Activity:
Although the data below contains pictures, please reproduce only its words, exactly.

____ Given data

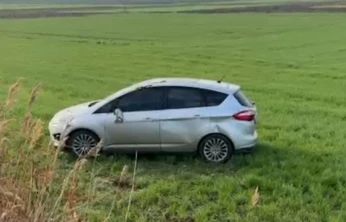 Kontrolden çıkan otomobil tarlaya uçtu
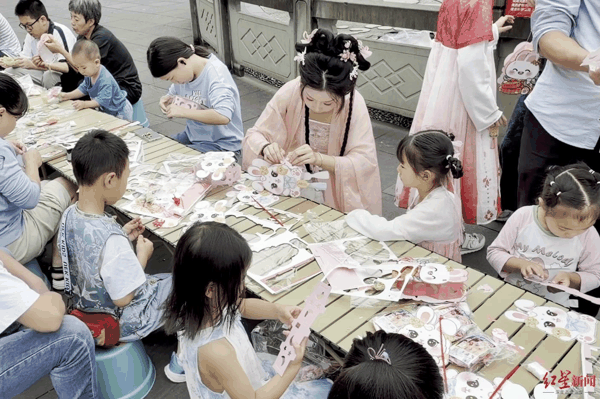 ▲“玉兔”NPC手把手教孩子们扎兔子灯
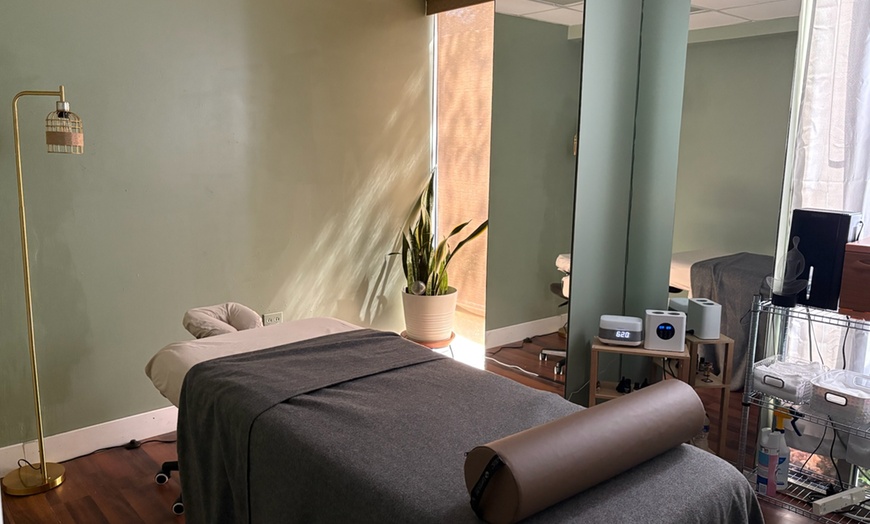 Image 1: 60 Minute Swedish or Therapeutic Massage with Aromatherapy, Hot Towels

________

Output for this exercise:
 Kontrolden çıkan otomobil tarlaya uçtu
 ▲“玉兔”NPC手把手教孩子们扎兔子灯
 Image 1: 60 Minute Swedish or Therapeutic Massage with Aromatherapy, Hot Towels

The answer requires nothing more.